(Data records)

↓

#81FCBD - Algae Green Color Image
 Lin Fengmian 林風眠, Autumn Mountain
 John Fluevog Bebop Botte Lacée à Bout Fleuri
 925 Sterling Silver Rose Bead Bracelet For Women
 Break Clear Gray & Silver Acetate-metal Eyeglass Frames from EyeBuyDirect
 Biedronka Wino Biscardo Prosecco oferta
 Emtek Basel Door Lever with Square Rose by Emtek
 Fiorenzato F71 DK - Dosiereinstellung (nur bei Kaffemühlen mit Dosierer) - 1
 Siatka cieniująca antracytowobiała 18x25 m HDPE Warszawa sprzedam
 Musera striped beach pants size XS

↑

What is being asked :: Only lines of the data holding the word "Silver" go in the answer. Please copy each of them.

Task answer ::
 925 Sterling Silver Rose Bead Bracelet For Women
 Break Clear Gray & Silver Acetate-metal Eyeglass Frames from EyeBuyDirect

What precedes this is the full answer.